Qu'est-ce que ça vous fait d'être la tête fiche d'un film réalisé par Mélanie Laurent ?
C'est une immense fierté pour moi. J'ai toujours été extrêmement touché par le cinéma de Mélanie. C'est une chance pour un acteur de passer sous son regard, qui plus est pour un rôle aussi riche et galvanisant. J'ai encore un peu de mal à le réaliser (Rires).
Avez-vous passé un casting pour obtenir le rôle de Bruno Sulak ?
Non. J'avais rencontré Mélanie quelques années auparavant dans le cadre d'une soirée pour les océans à Monaco chez le prince Albert. Je m'en souviens très bien car il y avait aussi Gaspard Ulliel. Nous avons parlé de cinéma et de nos projets. Nous avions envie de travailler ensemble. Et puis est venue l'écriture de ce film sur Bruno Sulak, le scénario était sublime. Mélanie m'a dit : "Je pense que tu es la bonne personne pour incarner Bruno". Normalement, mon syndrome de l'imposteur aurait dû prendre le dessus. Mais là, c'était une opportunité qu'il fallait absolument saisir. J'ai commencé ma carrière d'acteur pour ce genre de projets et l'histoire de Bruno résonnait en moi. Avec ce rôle, ça y est, je fais officiellement ce que j'aime.
Vous êtes connu pour jouer le rôle de Gabriel dans la série Netflix Emily in Paris. Dans Libre, on vous découvre dans un rôle plus sombre et plus ambivalent. Ce changement de registre a-t-il été compliqué à adopter ?
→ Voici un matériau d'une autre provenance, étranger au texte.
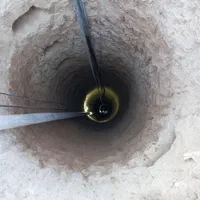 مغنی چاکن مقنی حفاری‌ رباط کریم شهریار ورامین|خدمات پیشه و مهارت|تهران, یافت آباد جنوبی|دیوار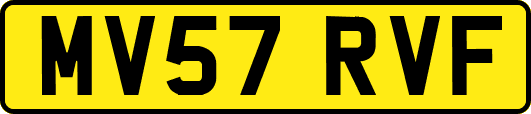 MV57RVF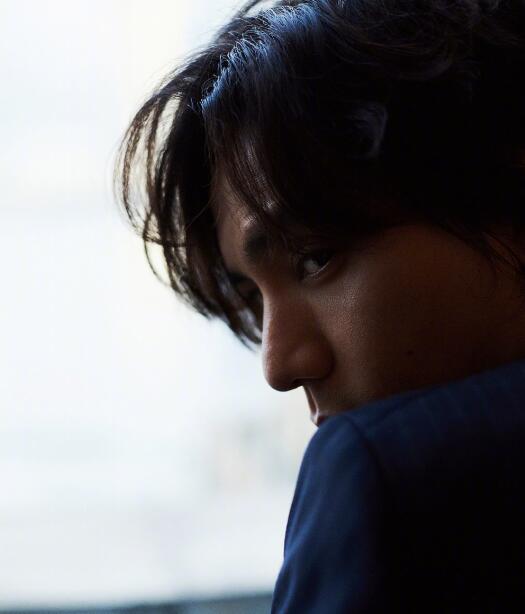 ����Ϊʲôһֱ��������Ů���� ����ͬ������ļٵ�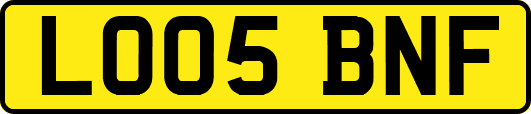LO05BNF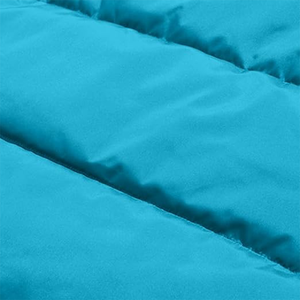 High Quality Men Puffer <b>Jacket</b> Water Down <b>Jacket</b> Bulk Supplier - Product Image 2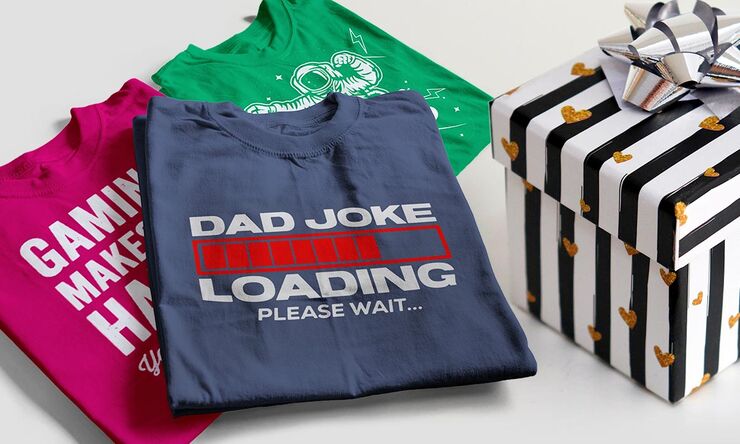 Print on Demand: Make Facebook Ads Work for YOU!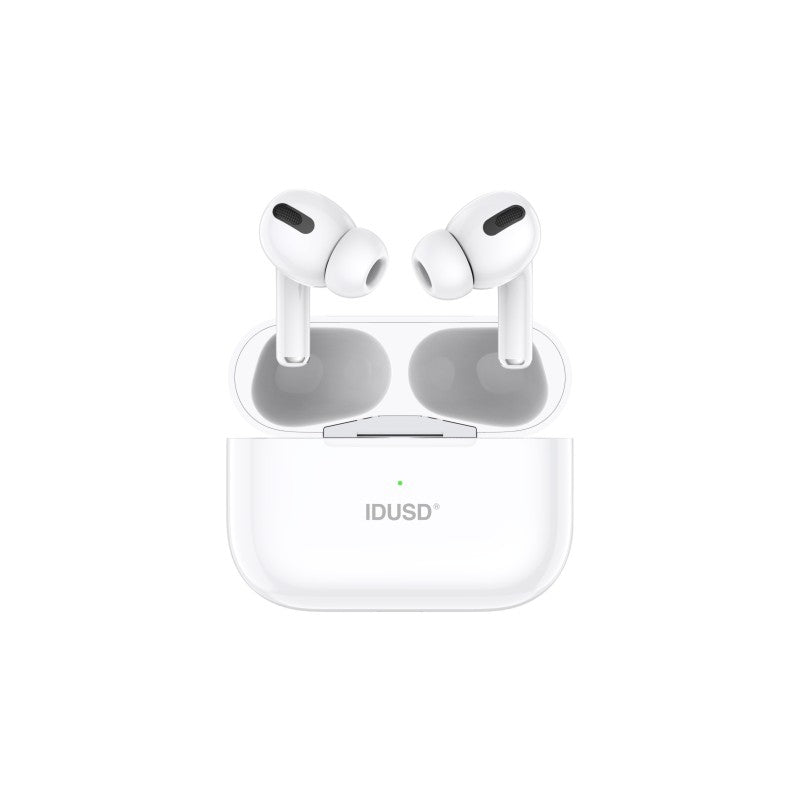 ECO TWS 3 Lite 6H Music - H103B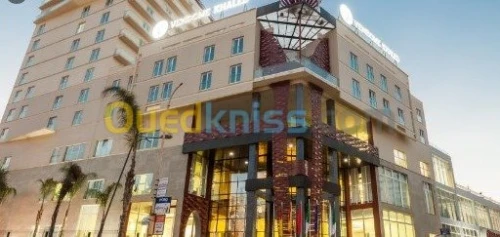 BUREAU D'ETUDE EN ELECTRICITE ET EXECU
Vous voulez dire que je suis sous-exploité dans Emily in Paris ? (Rires). À vrai dire, j'ai le sentiment d'avoir pris cinq ans d'expérience sur ce projet grâce à Mélanie. Sa direction est très riche et ne repose pas juste sur une intention mais aussi sur la physicalité. J'avais perdu cet aspect du geste de vie avec Netflix car Emily in Paris est basée sur l'esthétisme. On est très "waxés" (ndlr : figés comme de la cire), on ne peut pas changer un mot, une intonation, un geste. Tout est très chorégraphié. Mélanie m'a autorisé à être spontané, à me ronger les ongles, me gratter l'oreille... Des choses que je ne faisais plus car j'étais très figé. Ça m'a complètement libéré et je vais garder ça pour mes prochains rôles.
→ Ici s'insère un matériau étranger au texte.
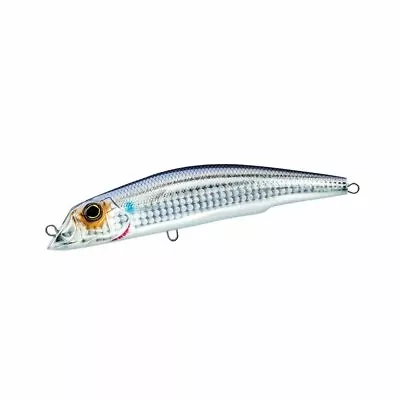 Yo-Zuri Mag Darter (F) 105mm 4-1/8  Mullet Floating Diver Lure • £20.35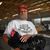 Craig Wade's profile image
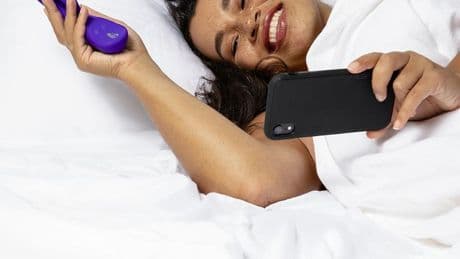 How Lioness Built A Sexual Wellness Brand Selling Women Their Orgasms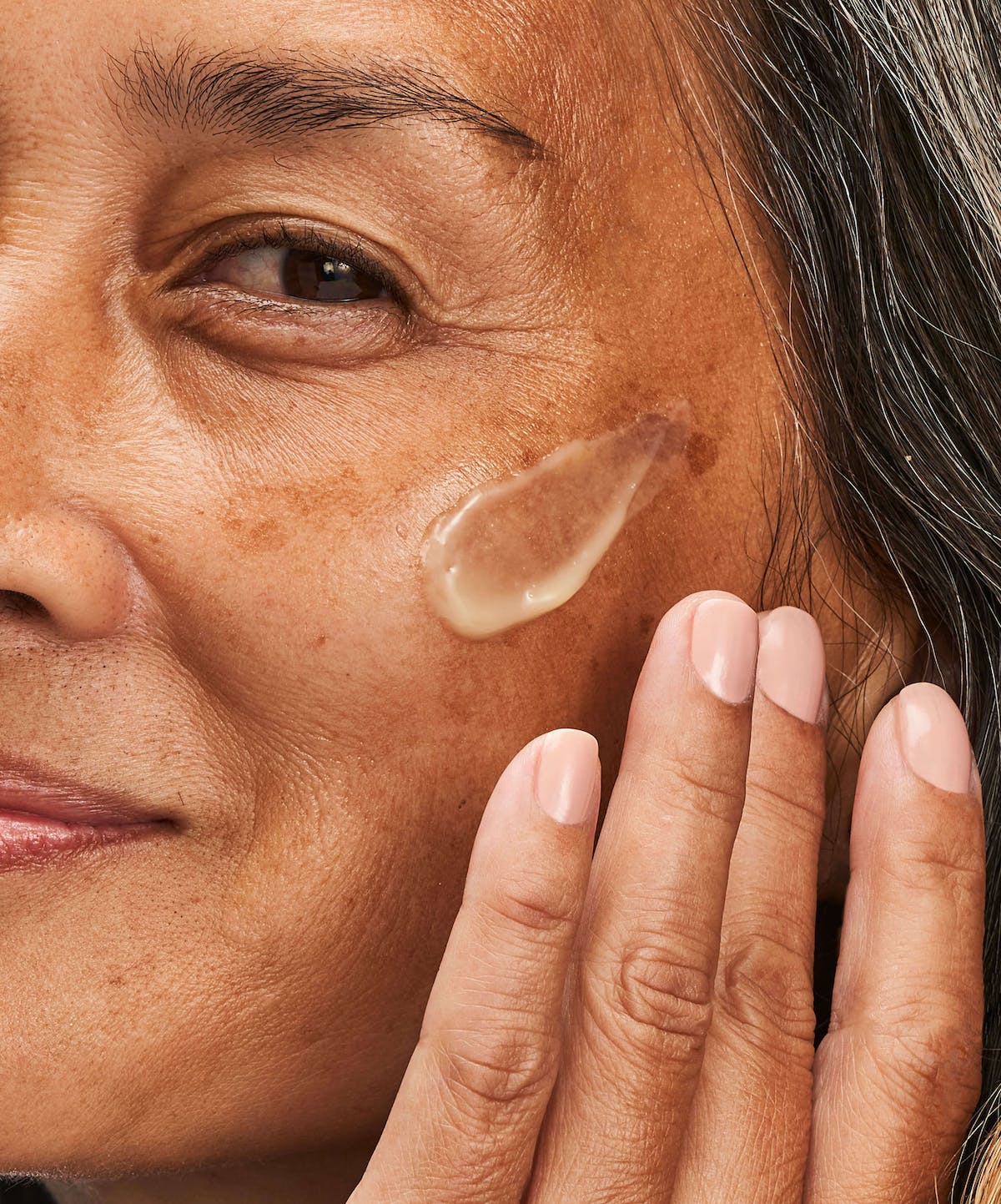 PHA Daily Moisturizer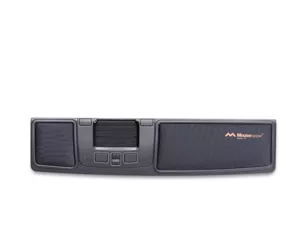 Mousetrapper Advance 2.0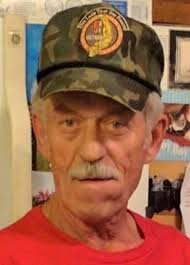Charles Maynard Morris, Jr. Obituary August 10, 2021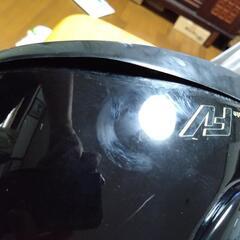 アライフルフェイス Lsize（値下げしました）の画像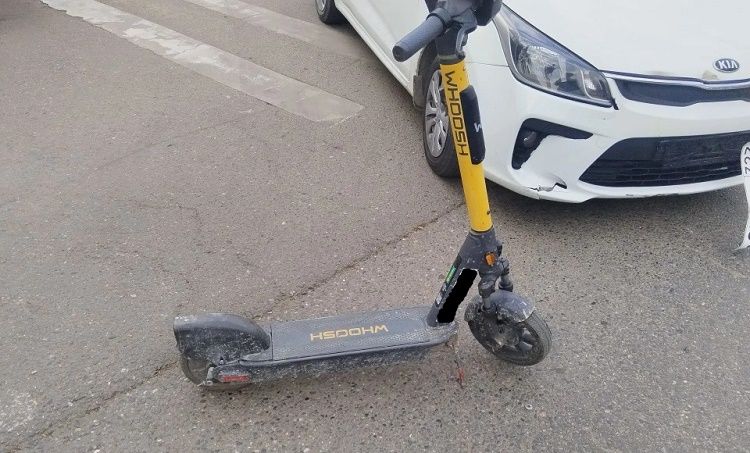 �������� � ��������� ����������� �� ���������� �������������� ���� 29 ������ 2026 ����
Comment s'est passé le tournage ?
J'ai eu un peu de mal pendant la première semaine car je venais de jouer un sociopathe dans Les femmes au balcon de Noémie Merlant et je n'arrivais pas à me dépolluer de ce personnage. J'ai commencé à paniquer. Je craignais de passer à côté du film, de ne pas faire honneur à Bruno, de décevoir Mélanie et tous les gens impliqués. Je me suis torturé l'esprit et puis Mélanie m'a ramené à l'amour, au tournage et à la simplicité des choses. Elle est extrêmement bienveillante.
Pourquoi Bruno Sulak vous touche-t-il particulièrement ?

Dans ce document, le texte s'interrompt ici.